Monday, October 19, 2009

Gird the loins!

And so we come to the end of yet another week as a guest, albeit a reluctant one, in one of Lizzie Windsor's universities for the mentally inept, criminally insane, socially inadequate and well-brought-up young ladies - and that's just the staff. Nothing happened. No progress. No regress. Nuffink.

However, I did have an encounter during the week with a fellow I have known for many years and who has been there to witness one or two of my 'episodes' in days of yore. I won't use his name - the authorites would not appreciate it, and neither would he I shouldn't wonder - but he knows who he is and I shall let him read this when I'm done anyway. Well, the way I see it is that everyone is entitled to their privacy, even in a place like dear ould Lizzie's gaff.

I went to this fellow's cell for some reason quite recently, to see him on some matter or other, but he wasn't there and I came away until I ran into him at some other juncture. Later, something occurred to me. Looking around my cell as I write I have, over time, collected and accumulated many little things which make my life as comfortable as possible under the circs. I have a stereo with speakers hanging on the wall, a Play Station where I can play games which help me to forget where I am briefly, many many books, a typewriter, tapes, CDs, games, an electric shaver, an electronic spellchecker (which just gathers dust) and so on. My friend, however, had nothing whatsoever in his cell that didn't belong to the prison service. Nothing. I am sure that he has been in prison a good fifteen years, and when I knew him in the mid-nineties in Frankland he had all of the things I have. So what went wrong?

When he came to see me later during the week I asked him. (At this point I need to make a name up for him so I think I will call him Neville. I don't know any Neville, so that should be safe enough.) Neville sat on my bed and I asked him, "Neville, when we were in Frankland you had everything, now you have nothing. What went wrong?" He simply said, "I don't know."

Of course I did not pursue this - I have no right to do so - but it did get me to thinking about how, if a fellow is not careful and vigilant, he can begin to allow small things to slip. Maybe not clean the teeth every night before bed, have a shower every other day rather than every day, not shave as regularly as he should. Then it's a small step to not answering letters as we get them, and then we begin to sleep at lunchtime during the lockup period. Little things begin to slip and slide until one day we find that we have managed to let everything go and we are sitting on rock bottom with no apparent way to begin the climb up again.

That's what happened to Neville. He allowed standards to slip. Any man (or woman for that matter) who gets himself (or herself) locked away must get into some sort of disciplined regime, for their own good and peace of mind. Once that regime or routine is established we must never, under any circumstances, allow even one small thing to slip. Never. To do so is to invite that little devil into our lives, that little devil called Complacency. There is no room for it in a prisoner's life.

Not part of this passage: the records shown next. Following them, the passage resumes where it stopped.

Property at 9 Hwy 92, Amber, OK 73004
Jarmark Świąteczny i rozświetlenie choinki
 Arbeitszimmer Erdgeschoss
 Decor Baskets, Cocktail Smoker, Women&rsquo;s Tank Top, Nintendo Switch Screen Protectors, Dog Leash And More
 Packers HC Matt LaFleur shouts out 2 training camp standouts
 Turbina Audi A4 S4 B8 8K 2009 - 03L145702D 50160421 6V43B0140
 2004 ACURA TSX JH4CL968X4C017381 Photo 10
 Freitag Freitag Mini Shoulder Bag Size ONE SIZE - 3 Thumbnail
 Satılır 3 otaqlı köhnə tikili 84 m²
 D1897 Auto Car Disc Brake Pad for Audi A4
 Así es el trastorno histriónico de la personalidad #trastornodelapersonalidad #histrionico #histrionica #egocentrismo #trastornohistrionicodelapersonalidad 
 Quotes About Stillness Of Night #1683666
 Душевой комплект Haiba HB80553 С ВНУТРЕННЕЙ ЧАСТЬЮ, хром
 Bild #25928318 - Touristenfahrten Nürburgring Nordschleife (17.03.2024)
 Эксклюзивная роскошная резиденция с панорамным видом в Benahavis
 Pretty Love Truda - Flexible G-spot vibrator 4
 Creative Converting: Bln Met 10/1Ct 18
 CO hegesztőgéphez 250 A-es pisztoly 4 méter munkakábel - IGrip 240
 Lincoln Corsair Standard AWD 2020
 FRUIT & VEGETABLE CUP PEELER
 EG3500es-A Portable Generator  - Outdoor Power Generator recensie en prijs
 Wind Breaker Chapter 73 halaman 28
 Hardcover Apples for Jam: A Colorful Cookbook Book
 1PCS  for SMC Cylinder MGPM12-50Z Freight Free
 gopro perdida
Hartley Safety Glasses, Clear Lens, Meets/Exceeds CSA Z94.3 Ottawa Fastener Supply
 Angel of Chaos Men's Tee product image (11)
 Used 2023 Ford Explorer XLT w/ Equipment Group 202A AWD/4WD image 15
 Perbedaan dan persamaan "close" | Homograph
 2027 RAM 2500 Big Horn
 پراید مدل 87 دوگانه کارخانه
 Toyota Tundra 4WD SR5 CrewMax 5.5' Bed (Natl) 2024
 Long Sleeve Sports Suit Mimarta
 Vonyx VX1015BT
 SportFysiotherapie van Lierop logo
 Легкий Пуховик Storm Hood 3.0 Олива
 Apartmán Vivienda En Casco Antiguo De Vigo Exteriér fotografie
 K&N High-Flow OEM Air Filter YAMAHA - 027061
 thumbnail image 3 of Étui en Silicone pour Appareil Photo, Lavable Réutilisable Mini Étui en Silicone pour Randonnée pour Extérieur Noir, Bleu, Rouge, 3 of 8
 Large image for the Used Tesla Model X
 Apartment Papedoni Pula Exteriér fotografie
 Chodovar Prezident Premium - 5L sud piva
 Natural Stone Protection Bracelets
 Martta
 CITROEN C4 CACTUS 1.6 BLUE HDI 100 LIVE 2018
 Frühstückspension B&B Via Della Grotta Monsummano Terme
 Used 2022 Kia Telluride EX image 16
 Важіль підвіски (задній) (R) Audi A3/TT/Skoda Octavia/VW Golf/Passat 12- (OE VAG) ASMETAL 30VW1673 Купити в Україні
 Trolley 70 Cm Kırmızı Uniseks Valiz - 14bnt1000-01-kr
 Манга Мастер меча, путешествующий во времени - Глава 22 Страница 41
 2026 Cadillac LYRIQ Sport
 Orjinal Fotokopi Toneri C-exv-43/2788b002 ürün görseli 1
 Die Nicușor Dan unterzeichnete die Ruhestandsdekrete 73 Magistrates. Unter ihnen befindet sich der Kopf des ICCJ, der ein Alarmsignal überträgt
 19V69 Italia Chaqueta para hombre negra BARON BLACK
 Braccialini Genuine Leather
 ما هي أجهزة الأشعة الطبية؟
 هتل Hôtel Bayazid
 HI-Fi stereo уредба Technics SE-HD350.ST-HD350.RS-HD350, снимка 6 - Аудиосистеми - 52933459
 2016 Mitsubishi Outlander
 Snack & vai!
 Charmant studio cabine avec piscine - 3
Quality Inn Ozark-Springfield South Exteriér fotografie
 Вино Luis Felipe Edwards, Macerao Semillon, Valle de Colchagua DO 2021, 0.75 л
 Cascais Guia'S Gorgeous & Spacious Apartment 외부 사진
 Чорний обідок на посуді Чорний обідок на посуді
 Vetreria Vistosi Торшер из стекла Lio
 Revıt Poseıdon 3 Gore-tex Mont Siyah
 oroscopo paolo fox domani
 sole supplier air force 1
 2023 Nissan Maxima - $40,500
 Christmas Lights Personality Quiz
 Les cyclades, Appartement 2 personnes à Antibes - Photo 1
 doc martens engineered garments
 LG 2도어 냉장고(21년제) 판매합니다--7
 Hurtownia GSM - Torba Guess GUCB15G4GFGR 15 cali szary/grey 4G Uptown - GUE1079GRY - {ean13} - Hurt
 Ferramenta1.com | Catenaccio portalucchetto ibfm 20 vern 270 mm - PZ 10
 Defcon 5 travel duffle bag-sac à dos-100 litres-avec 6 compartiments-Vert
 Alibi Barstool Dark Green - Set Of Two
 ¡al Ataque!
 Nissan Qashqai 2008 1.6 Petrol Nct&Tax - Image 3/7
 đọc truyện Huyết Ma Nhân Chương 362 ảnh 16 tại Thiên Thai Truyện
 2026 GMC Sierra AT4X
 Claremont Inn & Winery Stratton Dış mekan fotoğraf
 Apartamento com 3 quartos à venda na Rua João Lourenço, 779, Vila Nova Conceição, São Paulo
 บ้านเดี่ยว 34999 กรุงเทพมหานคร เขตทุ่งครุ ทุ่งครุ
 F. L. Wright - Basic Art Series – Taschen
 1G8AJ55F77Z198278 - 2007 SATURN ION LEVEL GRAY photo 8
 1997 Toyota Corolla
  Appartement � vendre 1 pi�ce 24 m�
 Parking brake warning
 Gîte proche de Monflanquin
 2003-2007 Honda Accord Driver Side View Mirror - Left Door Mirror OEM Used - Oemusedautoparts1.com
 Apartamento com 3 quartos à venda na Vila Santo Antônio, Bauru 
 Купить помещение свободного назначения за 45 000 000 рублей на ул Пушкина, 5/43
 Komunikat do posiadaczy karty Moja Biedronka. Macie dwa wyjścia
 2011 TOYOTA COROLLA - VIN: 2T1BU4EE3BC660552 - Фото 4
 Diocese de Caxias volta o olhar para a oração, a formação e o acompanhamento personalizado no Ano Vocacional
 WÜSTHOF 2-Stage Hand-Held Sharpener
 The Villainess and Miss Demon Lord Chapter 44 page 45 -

It is said that familiarity breeds contempt, and that could well be part of the problem. Add to that the feeling which some get that there is no point to anything, and people can give up and simply let everything slide, like Neville. Well there is always a point. We must never concede defeat in life. Inside or outside of prison, it applies to us all.

I am certain that there are times when we feel tired of it all - I do, from time to time - but that's no reason to abrogate all responsibility for ourselves. Of course we feel tired and sometimes feel we need a rest, but we are a long time dead and we can get all the rest we need when the Grim Reaper comes calling. Until then, gird the loins (I love that phrase), and stand firm against whatever Lady Luck (that fickle ould whore) sends our way.

I am going to let Neville read this now. I bet he looks at me strangely - most people do.